When Berry Gordy, erstwhile boxer and assembly-line worker, founded Motown (then called Tamla) in 1959, the pop-music industry was little more than a hustle. But like so many post-war industries, the record business was a hustle that was intimately tied to the American Dream, and men like Gordy, Leonard and Phil Chess, Jerry Wexler and Ahmet Ertegŭn, hitched their ambitions to the sounds emanating from black America. Where Gordy distinguished himself from the legendary founders of Chess Records and Atlantic Records, there was a belief that he was not simply trying to sell black music to the crossover masses, but making black artists—and by extension black people—palatable to white audiences. As Gordy recently recalled, he often told radio-station executives, “Wait a minute—it’s not really black music. It’s music by black stars.” That simple distinction made all the difference for Gordy, who championed his company as the “Sound of Young America.”
To that end, Gordy’s artists were enrolled in what was essentially an in-house finishing school: To his credit, he turned a group of lower-middle and working-class black Detroit youth into some of the most popular figures of the 1960s and 1970s. Indeed, the Motown Star system turned Diana Ross—never the best singer on stage or the prettiest woman in the room—into the very symbol of glamour, particularly for a generation of Americans who were not familiar with black women such as Lena Horne or Dorothy Dandridge. Gordy’s strategy was simple; capture the attention of white audiences in the span of two minutes and 30 seconds with a series of catchy hooks, easily-remembered lyrics and sweet harmonies and make them comfortable with the black artists delivering the goods.
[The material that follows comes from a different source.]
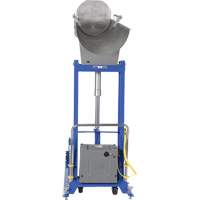 Portable Hydraulic Drum Dumper, For 30 - 55 US Gal. (25 - 45.8 Imperial Gal.) Infinity Industrial Services Inc.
By the end of Motown’s first decade, the company was easily the most recognizable black brand in the country, if not the world, even as the tenor of the times and cutting-edge production of the late Norman Whitfield pushed the label’s music more in sync with the militancy of the day. If Motown hadn’t produced another record after it jettisoned its Detroit roots in the early 1970s for Los Angeles, its legacy as one of the most important black-owned companies would have remained intact.
But by the early 1970s, Gordy saw Motown as much more than a record company, branching out into film, with movies like Lady Sings the Blues (1972), Mahogany (1975), The Wiz (1978), television (The Jackson 5ive cartoon series) and even musical theater with Pippin. As Gordy devoted much less attention to his recording artists, acts like Marvin Gaye, Diana Ross and Stevie Wonder were still at the peak of their careers and a new generation of artists like Lionel Richie & the Commodores, Teena Marie, Rick James and later, DeBarge helped carry the Motown brand beyond its first two decades. Even Michael Jackson, who left the Motown fold with his brothers in late 1975, could claim the influence of Gordy and Motown just as he established himself as the “King of Pop.”
When the Motown family came together in May 1983 for the television special Motown 25, Jackson was the most popular star on stage, and many remember his moonwalking performance as the breakout moment that signaled his transition into superstardom. The reason why Jackson’s performance could have such a cultural impact was because of the broad television audiences who had gathered, in part, to reminisce about the promises of an era had long passed.
Motown 25 marked a turning point in Gordy’s changing relationship with the record company. Increasingly, Gordy devoted his efforts to the business of protecting Motown’s legacy, just as the burgeoning home video (beta and VHS) and digital music (compact disc) were changing America’s relationship with the entertainment industry. The result of those efforts is that nary a cultural memory of the United States in 1960s is complete without some reference to Motown, to the extent that almost all black popular music from the 1960s is referenced under the umbrella of Motown.
Many lamented Gordy’s sale of the label in 1988, although he retained control of the Jobete song publishing company at the time. Gordy understood better than most how valuable the Motown catalogue would become in future years. There’s rarely a “feel-good-movie-of the-year” released these days that doesn’t feature a song—a Motown song—that Jobete owns.